Connecticut police have released the names of the 26 people gunned down in the rampage at a primary school.
Of the 20 children who were shot dead at Sandy Hook Elementary School, eight were boys and 12 were girls.
All the children were aged six or seven.
All six adults killed at the school were women.
The full list is:
Charlotte Bacon, 6
Daniel Barden, 7
Rachel Davino, 29
Olivia Engel, 6
Josephine Gay, 7
Ana Marquez-Greene, 6
Dylan Hockley, 6
Dawn Hochsprung, 47
Madeleine Hsu, 6
Catherine Hubbard, 6
Chase Kowalski, 7
Jesse Lewis, 6
James Mattioli, 6
Grace McDonnell, 7
Anne Marie Murphy, 52
Emilie Parker, 6
Jack Pinto, 6
Noah Pozner, 6
Caroline Previdi, 6
Jessica Rekos, 6
Avielle Richman, 6
Lauren Rousseau, 30
Mary Sherlach, 56
Victoria Soto, 27
Benjamin Wheeler, 6
Allison Wyatt, 6
Here are details of some victims of the massacre:
:: VICTORIA SOTO
She beams in photos. Her enthusiasm was evident. She was doing, those who knew her say, what she loved.
And now, Victoria Soto is being called a hero.
Though details of the 27-year-old teacher's death remain unclear, her name has been invoked again and again as a portrait of selflessness and humanity among unfathomable evil.
A cousin, Jim Wiltsie, told ABC News that investigators told his family she was killed while shielding her students from danger. She reportedly hid some students in a bathroom or closet, ensuring they were safe.
"She was trying to shield, get her children into a closet and protect them from harm," Mr Wiltsie told ABC. "And by doing that, put herself between the gunman and the children."

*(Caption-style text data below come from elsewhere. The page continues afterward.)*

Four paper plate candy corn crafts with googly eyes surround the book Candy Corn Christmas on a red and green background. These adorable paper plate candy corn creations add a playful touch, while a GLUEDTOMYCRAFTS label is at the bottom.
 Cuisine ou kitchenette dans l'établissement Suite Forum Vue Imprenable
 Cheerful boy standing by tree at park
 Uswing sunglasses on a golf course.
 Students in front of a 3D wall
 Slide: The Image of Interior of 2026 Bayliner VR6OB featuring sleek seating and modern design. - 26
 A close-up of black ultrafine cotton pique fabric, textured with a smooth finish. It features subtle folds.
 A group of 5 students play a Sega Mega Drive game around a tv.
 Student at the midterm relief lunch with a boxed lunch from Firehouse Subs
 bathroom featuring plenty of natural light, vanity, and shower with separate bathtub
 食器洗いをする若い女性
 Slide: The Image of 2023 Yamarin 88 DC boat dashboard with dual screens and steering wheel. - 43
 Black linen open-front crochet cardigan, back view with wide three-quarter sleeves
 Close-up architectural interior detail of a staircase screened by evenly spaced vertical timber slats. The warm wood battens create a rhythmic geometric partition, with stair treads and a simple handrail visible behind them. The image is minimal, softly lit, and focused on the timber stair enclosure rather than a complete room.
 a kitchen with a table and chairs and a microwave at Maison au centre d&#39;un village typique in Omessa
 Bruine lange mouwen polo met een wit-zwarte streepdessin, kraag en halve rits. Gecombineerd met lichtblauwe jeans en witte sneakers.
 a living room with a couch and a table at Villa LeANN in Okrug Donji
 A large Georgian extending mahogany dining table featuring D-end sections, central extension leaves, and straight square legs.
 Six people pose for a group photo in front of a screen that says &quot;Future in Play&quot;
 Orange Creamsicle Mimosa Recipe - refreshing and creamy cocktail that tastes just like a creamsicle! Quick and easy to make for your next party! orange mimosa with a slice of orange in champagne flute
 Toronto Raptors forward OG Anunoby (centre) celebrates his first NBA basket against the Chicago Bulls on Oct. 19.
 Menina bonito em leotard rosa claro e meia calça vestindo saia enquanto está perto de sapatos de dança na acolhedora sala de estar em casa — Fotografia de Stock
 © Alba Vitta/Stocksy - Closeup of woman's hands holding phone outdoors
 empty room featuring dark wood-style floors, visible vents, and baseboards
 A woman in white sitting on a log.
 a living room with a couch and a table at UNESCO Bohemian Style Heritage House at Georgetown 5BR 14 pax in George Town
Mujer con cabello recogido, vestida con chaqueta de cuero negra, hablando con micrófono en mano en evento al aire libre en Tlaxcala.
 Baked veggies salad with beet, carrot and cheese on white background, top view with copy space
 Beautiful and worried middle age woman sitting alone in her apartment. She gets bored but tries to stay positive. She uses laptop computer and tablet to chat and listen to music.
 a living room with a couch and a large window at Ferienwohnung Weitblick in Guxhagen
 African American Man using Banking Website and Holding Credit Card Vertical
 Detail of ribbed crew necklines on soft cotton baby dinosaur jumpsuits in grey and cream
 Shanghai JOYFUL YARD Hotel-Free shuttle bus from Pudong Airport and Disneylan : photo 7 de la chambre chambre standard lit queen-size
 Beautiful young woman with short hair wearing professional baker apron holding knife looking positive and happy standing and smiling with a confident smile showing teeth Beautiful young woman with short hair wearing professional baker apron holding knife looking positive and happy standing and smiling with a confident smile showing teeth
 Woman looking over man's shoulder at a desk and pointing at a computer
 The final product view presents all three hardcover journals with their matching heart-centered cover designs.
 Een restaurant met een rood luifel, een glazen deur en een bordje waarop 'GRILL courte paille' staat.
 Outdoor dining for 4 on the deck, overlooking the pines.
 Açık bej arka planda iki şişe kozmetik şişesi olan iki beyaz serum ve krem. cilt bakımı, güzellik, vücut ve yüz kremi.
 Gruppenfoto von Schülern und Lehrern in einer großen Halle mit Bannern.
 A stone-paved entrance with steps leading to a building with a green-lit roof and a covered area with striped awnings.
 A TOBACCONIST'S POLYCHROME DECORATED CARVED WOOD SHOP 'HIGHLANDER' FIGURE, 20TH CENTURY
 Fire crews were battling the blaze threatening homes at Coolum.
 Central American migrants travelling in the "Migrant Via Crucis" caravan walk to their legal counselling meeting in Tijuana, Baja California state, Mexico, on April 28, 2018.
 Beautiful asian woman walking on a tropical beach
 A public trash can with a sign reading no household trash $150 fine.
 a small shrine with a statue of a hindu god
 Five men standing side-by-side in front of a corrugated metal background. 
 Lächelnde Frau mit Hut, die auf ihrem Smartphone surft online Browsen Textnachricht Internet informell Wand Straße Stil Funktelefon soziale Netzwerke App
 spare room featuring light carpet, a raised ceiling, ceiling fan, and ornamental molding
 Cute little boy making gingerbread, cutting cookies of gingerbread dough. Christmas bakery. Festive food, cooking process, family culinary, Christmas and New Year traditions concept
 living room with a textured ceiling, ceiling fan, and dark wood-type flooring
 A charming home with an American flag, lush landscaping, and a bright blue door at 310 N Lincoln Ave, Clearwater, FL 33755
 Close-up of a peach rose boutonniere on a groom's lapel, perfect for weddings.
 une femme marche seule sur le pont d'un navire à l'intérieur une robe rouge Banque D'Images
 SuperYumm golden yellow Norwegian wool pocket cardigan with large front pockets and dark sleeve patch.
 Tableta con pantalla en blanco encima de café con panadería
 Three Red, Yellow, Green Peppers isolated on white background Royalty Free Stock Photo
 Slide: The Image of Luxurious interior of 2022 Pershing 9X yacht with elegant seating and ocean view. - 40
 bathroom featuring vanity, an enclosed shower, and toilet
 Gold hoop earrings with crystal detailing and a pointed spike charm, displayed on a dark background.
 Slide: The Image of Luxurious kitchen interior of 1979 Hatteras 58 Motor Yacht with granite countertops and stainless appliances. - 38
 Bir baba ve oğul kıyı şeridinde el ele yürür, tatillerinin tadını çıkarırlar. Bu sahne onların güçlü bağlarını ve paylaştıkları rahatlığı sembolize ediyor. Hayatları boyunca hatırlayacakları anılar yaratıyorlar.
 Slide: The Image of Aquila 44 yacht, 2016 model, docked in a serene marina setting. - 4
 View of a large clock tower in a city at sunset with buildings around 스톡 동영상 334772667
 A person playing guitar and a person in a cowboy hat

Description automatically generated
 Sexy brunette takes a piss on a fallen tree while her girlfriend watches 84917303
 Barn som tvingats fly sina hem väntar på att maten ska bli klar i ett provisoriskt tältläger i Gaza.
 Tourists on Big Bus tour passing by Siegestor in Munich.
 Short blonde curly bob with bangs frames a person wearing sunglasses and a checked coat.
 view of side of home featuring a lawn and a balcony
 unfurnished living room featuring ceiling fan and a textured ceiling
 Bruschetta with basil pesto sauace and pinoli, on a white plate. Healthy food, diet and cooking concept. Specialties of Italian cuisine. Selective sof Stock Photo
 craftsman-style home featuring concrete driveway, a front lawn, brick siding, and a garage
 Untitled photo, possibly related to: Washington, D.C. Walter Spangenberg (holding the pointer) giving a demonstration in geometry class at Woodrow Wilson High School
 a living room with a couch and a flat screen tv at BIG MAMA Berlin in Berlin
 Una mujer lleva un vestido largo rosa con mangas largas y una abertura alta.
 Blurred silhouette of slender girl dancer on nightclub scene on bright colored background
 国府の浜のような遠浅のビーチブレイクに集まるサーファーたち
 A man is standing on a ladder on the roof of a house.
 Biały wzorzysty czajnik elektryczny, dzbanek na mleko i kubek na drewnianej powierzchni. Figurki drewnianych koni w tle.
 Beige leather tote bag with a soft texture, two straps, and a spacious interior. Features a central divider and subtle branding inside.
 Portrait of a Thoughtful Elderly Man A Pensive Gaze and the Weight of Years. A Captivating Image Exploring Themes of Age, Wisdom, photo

Soto's goal was simply to be a teacher.
"She lost her life doing what she loved," Mr Wiltsie said.
:: ANA MARQUEZ-GREENE
A year ago, six-year-old Ana Marquez-Greene was revelling in holiday celebrations with her extended family on her first trip to Puerto Rico.
The girl's grandmother, Elba Marquez, said the child's family moved to Connecticut just two months ago, drawn from Canada, in part, by Sandy Hook's pristine reputation. The grandmother's brother, Jorge Marquez, is mayor of a Puerto Rican town and said the child's nine-year-old brother was also at the school, but he escaped safely.
Elba Marquez had just visited the new home over the Thanksgiving holiday and finds herself perplexed by what happened.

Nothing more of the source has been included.